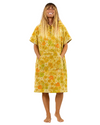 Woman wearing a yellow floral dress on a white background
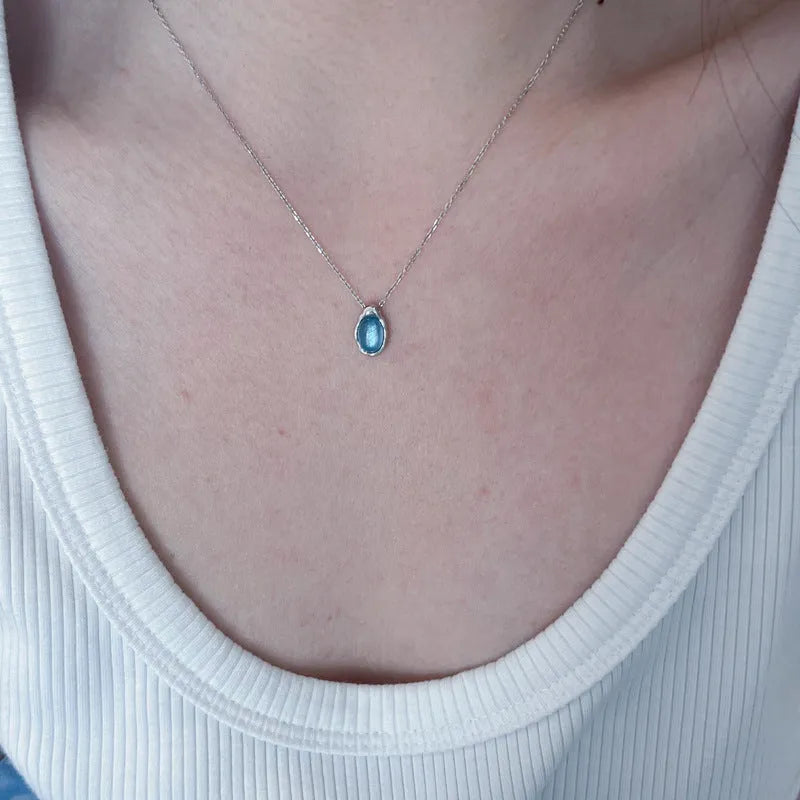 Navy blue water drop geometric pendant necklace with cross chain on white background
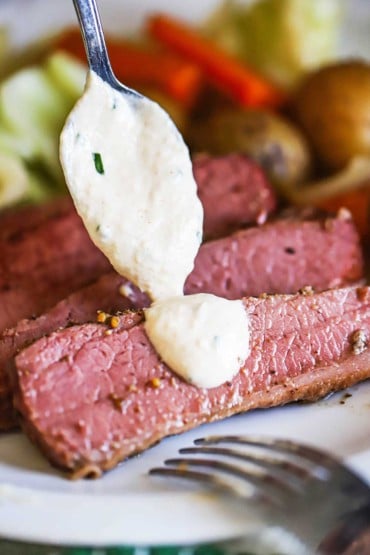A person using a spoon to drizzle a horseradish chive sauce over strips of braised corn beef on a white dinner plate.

________________

▶ [WORK ORDER]:
A faithful, word-for-word copy of the data is needed; the pictures should not appear in it.

▶ [TASK ANSWER]:
 Woman wearing a yellow floral dress on a white background
 Navy blue water drop geometric pendant necklace with cross chain on white background
A person using a spoon to drizzle a horseradish chive sauce over strips of braised corn beef on a white dinner plate.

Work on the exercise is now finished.